┌────────

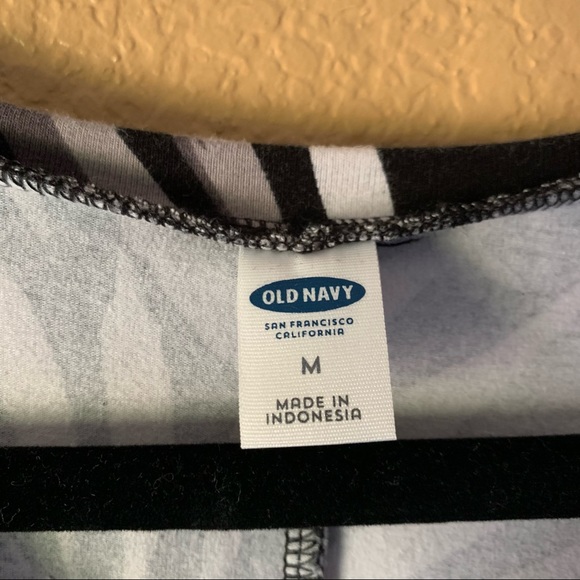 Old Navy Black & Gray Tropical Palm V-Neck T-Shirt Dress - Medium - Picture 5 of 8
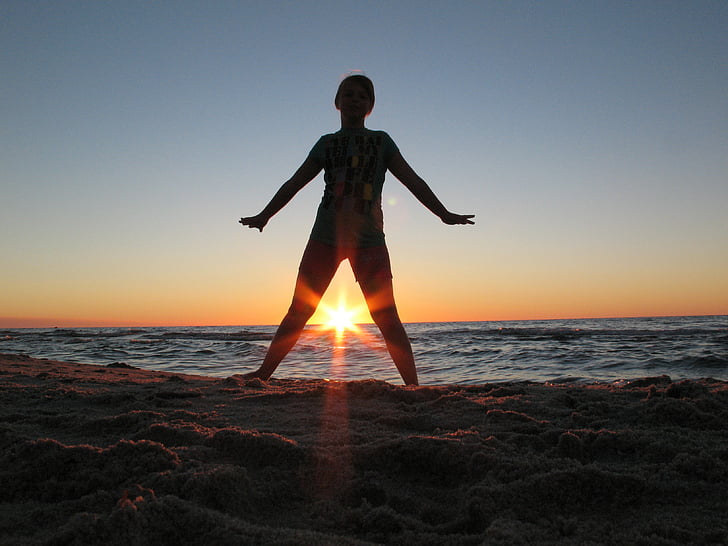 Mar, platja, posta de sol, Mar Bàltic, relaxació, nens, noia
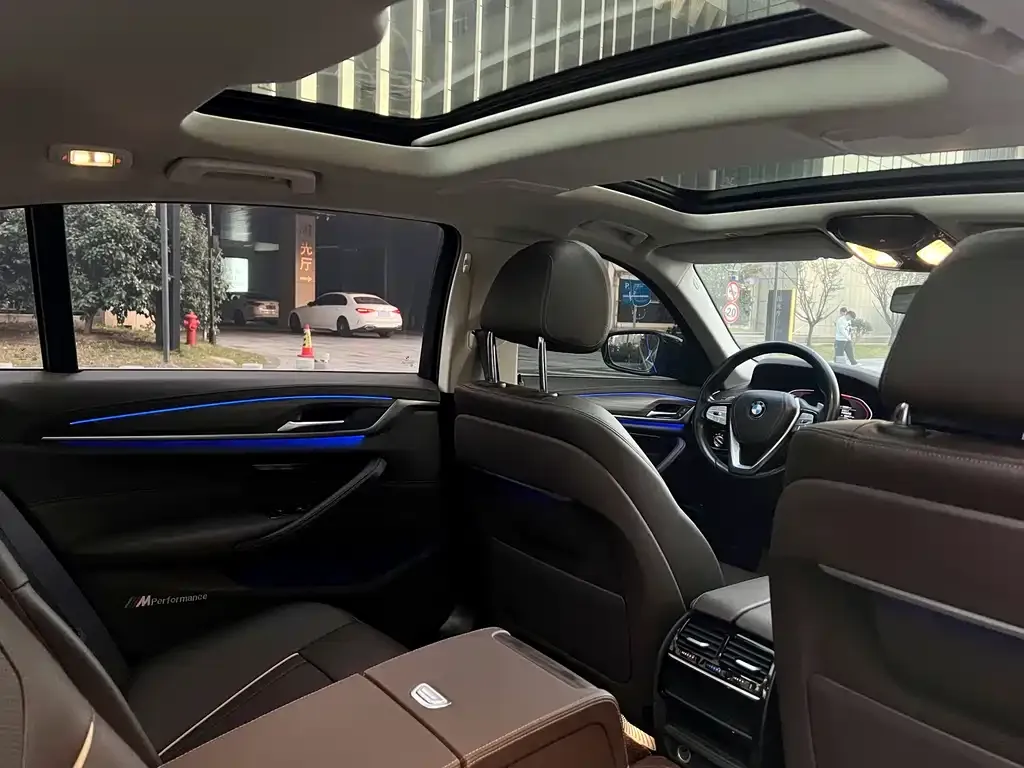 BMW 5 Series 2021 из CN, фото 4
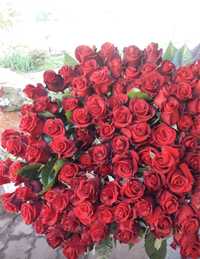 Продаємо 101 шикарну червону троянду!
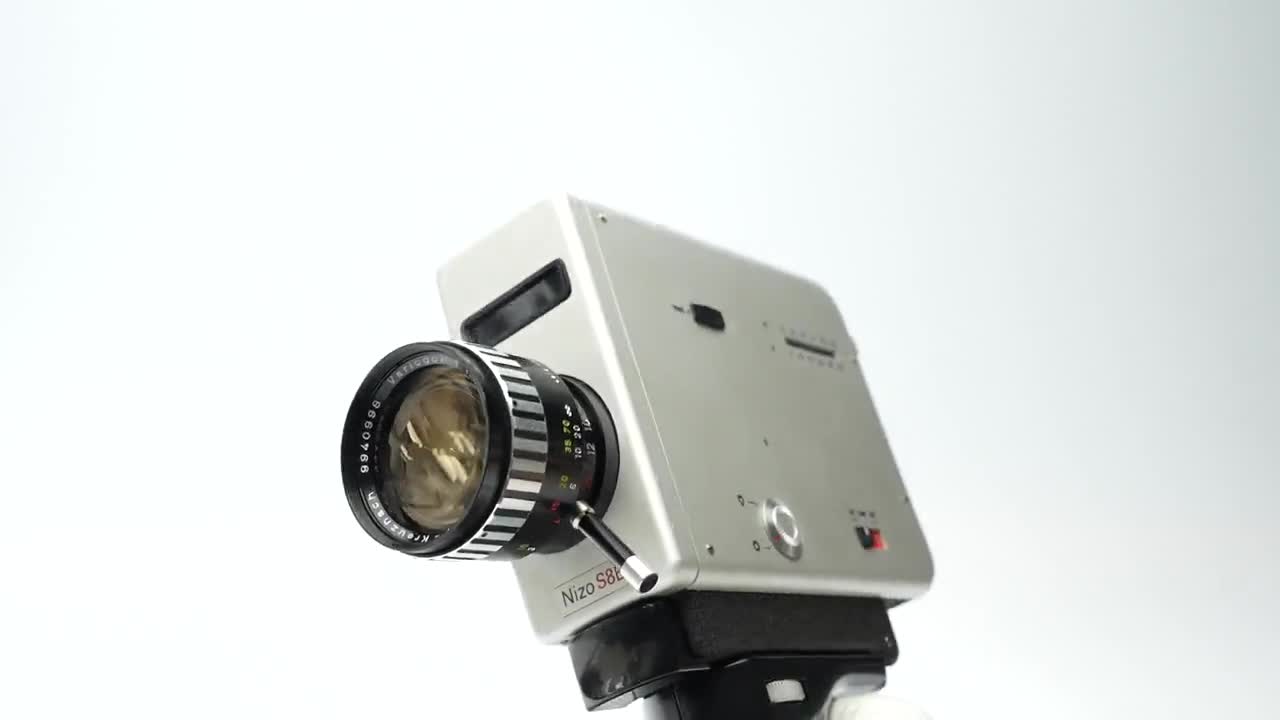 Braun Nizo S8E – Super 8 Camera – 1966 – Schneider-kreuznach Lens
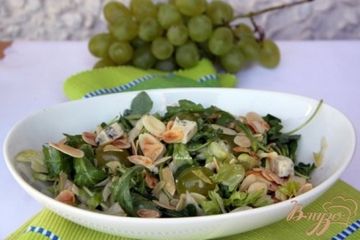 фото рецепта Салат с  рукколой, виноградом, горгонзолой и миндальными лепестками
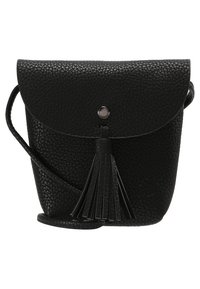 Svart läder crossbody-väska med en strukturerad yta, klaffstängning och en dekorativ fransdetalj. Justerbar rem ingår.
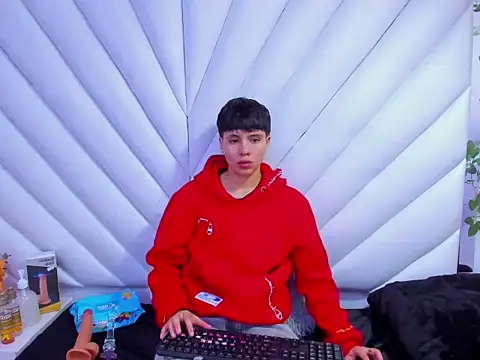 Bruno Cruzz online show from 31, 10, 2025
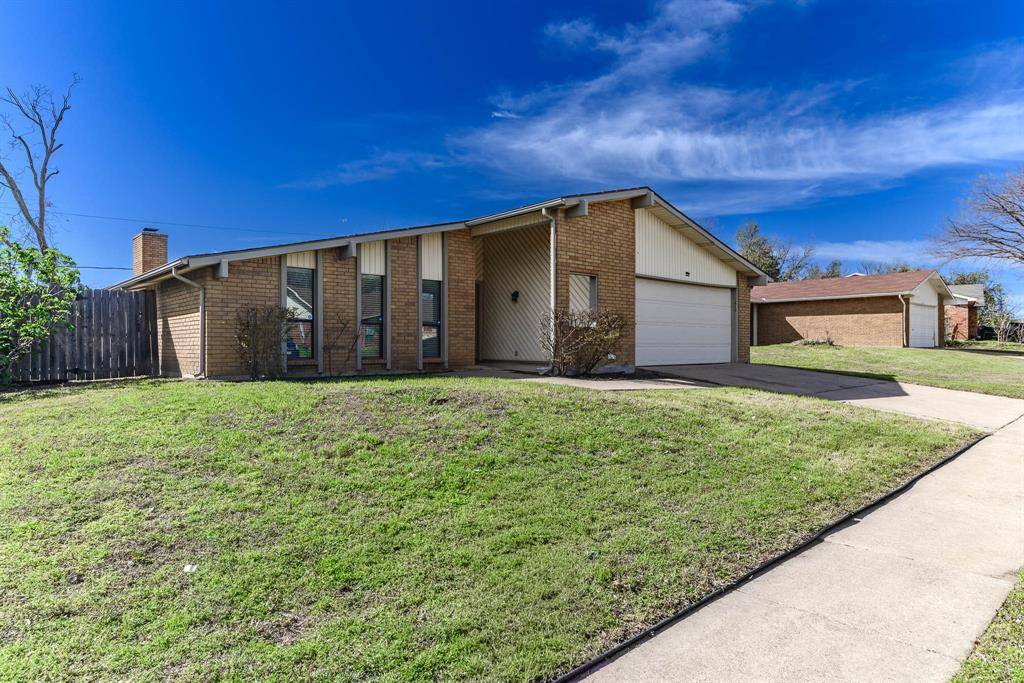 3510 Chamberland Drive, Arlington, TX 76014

└────────

**Exercise aim**:
The lines from the start of the records above through the line that holds "Продаємо 101 шикарну червону троянду!" are to be copied exactly, both ends included, and no pictures are to be copied.

**Exercise solution**:
 Old Navy Black & Gray Tropical Palm V-Neck T-Shirt Dress - Medium - Picture 5 of 8
 Mar, platja, posta de sol, Mar Bàltic, relaxació, nens, noia
 BMW 5 Series 2021 из CN, фото 4
 Продаємо 101 шикарну червону троянду!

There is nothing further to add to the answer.